Trêve pascale en Ukraine : des milliers de violations et un échange de prisonniers, l’impasse persiste
Le cessez-le-feu orthodoxe n’a tenu que quelques minutes ; Moscou et Kiev se rejettent la faute. Un échange de 350 détenus, sous médiation émiratie, rappelle la possibilité de coopérations ciblées.

Le cessez-le-feu décrété à l’occasion de la Pâque orthodoxe, entré en vigueur samedi après-midi, n’aura offert qu’un simulacre de répit. Trente-huit minutes à peine après le début théorique de la trêve, les sirènes antiaériennes retentissaient à Kharkiv, dans le nord-est de l’Ukraine, signalant une violation immédiate du fragile accord. Au matin du dimanche de Pâques, alors que les fidèles se rendaient aux offices, les états-majors des deux belligérants totalisaient plusieurs milliers d’infractions au cessez-le-feu, confirmant l’enlisement d’un conflit qui entre dans sa cinquième année. L’espoir d’une « vraie paix », réclamé par le président ukrainien Volodymyr Zelensky sur les réseaux sociaux, s’est heurté à la réalité d’un front où la confiance mutuelle est inexistante.
Les accusations croisées livrent un tableau asymétrique mais convergent. Selon l’armée ukrainienne, les forces russes ont commis 2 299 violations, détaillées en 28 actions d’assaut, 479 bombardements et plus de 1 700 attaques de drones, dont des drones FPV. La défense russe, pour sa part, dénonce 1 971 violations imputables aux unités ukrainiennes, incluant trois tentatives de contre-attaque dans la région de Dnipropetrovsk. Aucune des parties n’a fait état de frappes de missiles à longue portée ni de drones Shahed, ce qui suggère une forme de retenue limitée, mais la multiplication des escarmouches d’infanterie et des tirs d’artillerie contredit frontalement l’esprit de la pause pascale.

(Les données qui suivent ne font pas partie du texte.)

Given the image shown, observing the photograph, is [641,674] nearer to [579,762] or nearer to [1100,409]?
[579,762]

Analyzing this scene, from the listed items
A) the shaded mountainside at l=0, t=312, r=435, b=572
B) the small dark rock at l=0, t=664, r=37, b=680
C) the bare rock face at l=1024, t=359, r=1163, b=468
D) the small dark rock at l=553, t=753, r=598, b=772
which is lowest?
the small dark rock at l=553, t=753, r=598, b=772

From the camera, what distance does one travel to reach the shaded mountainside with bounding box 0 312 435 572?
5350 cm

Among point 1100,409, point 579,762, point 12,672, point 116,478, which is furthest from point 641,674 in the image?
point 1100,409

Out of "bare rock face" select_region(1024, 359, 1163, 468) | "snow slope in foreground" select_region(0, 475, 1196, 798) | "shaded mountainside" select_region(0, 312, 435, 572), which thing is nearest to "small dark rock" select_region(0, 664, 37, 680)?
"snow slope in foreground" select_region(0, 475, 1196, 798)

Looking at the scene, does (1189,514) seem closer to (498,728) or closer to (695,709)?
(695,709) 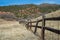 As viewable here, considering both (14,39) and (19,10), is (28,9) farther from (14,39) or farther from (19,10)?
(14,39)

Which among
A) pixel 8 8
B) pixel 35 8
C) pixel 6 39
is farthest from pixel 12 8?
pixel 6 39

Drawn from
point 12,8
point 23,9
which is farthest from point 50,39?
point 12,8

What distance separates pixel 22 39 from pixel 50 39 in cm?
172

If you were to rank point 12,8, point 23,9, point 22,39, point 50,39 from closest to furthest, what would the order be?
point 50,39, point 22,39, point 23,9, point 12,8

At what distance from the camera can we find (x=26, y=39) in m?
12.1

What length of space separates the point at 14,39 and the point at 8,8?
124 metres

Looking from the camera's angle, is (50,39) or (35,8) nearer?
(50,39)

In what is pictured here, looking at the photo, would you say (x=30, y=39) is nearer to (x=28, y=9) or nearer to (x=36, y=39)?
(x=36, y=39)

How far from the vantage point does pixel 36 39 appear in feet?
38.9

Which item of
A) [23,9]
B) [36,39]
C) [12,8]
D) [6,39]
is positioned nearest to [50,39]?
[36,39]

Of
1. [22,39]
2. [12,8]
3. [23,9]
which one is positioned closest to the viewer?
[22,39]

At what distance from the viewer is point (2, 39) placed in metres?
12.4

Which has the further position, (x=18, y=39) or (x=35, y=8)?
(x=35, y=8)

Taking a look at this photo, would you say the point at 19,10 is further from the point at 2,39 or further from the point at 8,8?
the point at 2,39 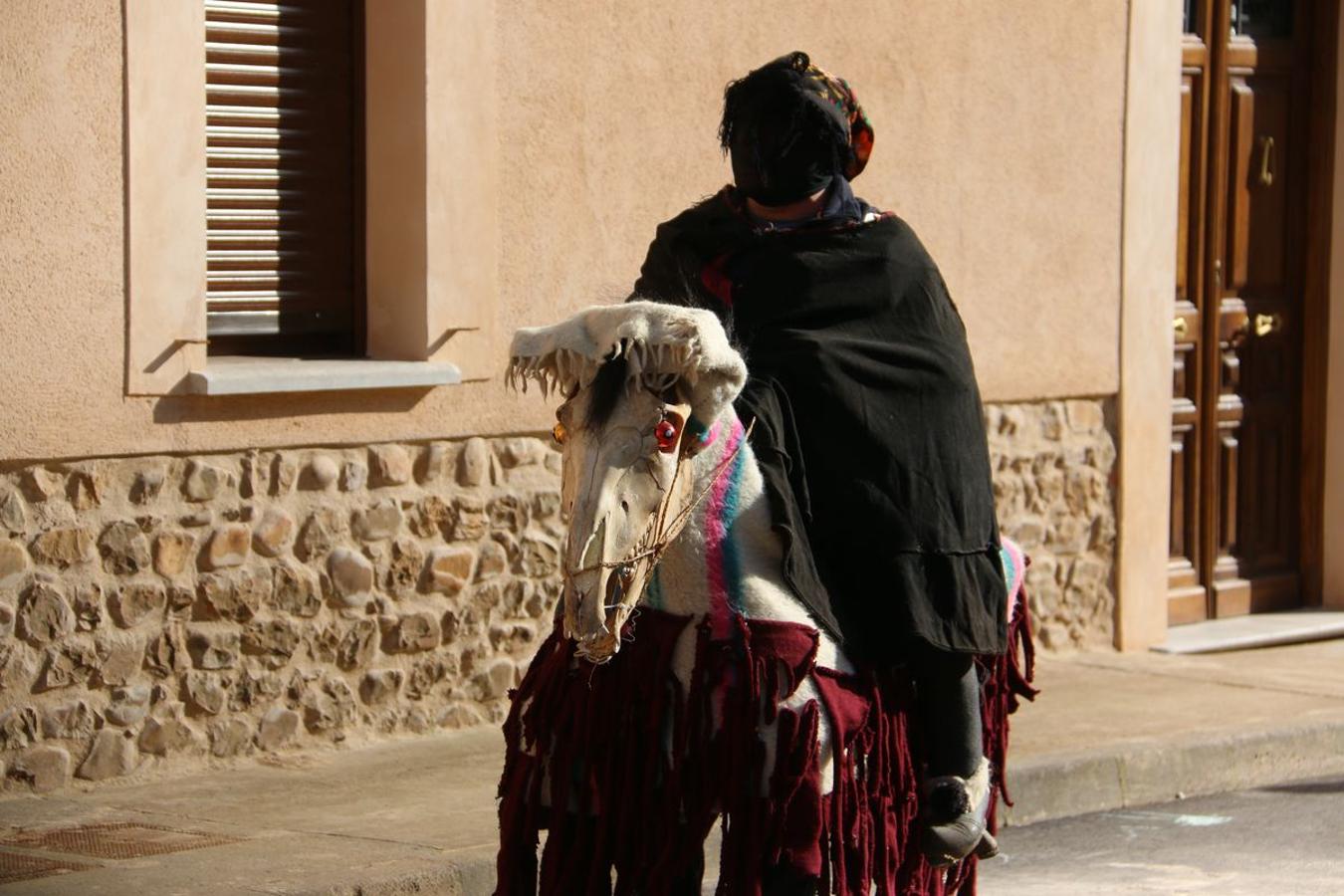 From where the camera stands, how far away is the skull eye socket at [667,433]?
3750 mm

Zelensky a prévenu que ses forces riposteraient « symétriquement » à toute agression, anéantissant toute perspective d’apaisement unilatéral.
Parallèlement, un échange de prisonniers de guerre est venu rappeler que des canaux humanitaires subsistent. Moscou a annoncé la libération de 350 soldats – 175 de chaque côté – sous l’égide des Émirats arabes unis, qui confirment leur rôle de médiateur discret mais efficace. Les combattants russes récupérés ont été transférés en Biélorussie pour y recevoir des soins médicaux et psychologiques, tandis que les autorités ukrainiennes ont récupéré les corps de 1 000 de leurs soldats contre 41 dépouilles russes. Sept civils de la région frontalière de Koursk, brièvement occupée par l’armée ukrainienne, ont également été rapatriés. Cette transaction démontre qu’en dépit de la défiance totale, des arrangements ponctuels sont possibles, souvent grâce à l’intermédiation d’acteurs non occidentaux.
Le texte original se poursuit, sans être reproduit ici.